Where the listing below has a line with "istock tangled black", write out exactly that line and every line after it, stopping after the line with "healthy traditional spanish".

> **Data section**:

>>

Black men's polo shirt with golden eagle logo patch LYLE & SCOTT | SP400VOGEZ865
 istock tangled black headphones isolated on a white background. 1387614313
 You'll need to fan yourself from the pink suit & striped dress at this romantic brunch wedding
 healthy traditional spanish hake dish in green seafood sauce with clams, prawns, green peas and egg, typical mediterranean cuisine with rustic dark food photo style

<<
>>

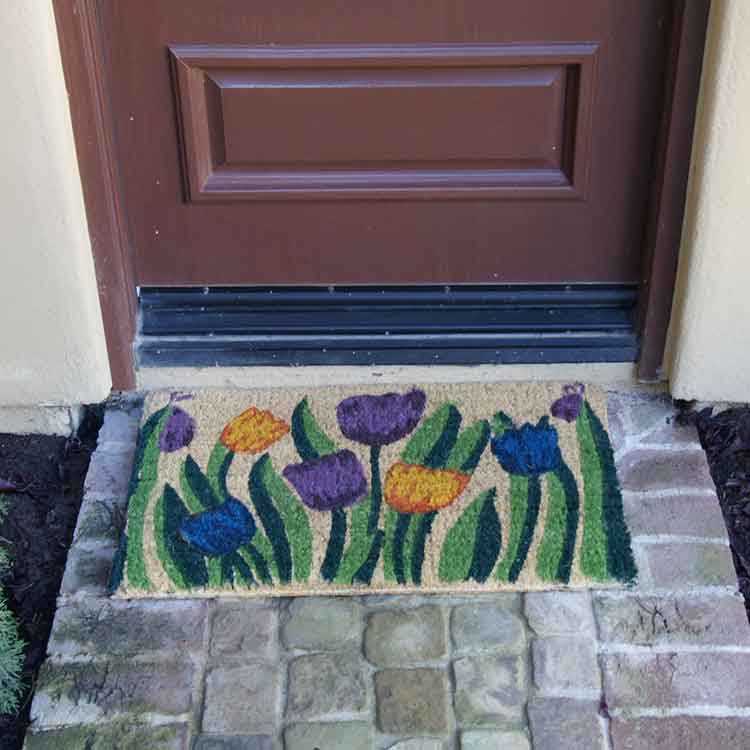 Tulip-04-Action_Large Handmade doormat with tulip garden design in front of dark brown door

<<

> **Result of this task**:
 istock tangled black headphones isolated on a white background. 1387614313
 You'll need to fan yourself from the pink suit & striped dress at this romantic brunch wedding
 healthy traditional spanish hake dish in green seafood sauce with clams, prawns, green peas and egg, typical mediterranean cuisine with rustic dark food photo style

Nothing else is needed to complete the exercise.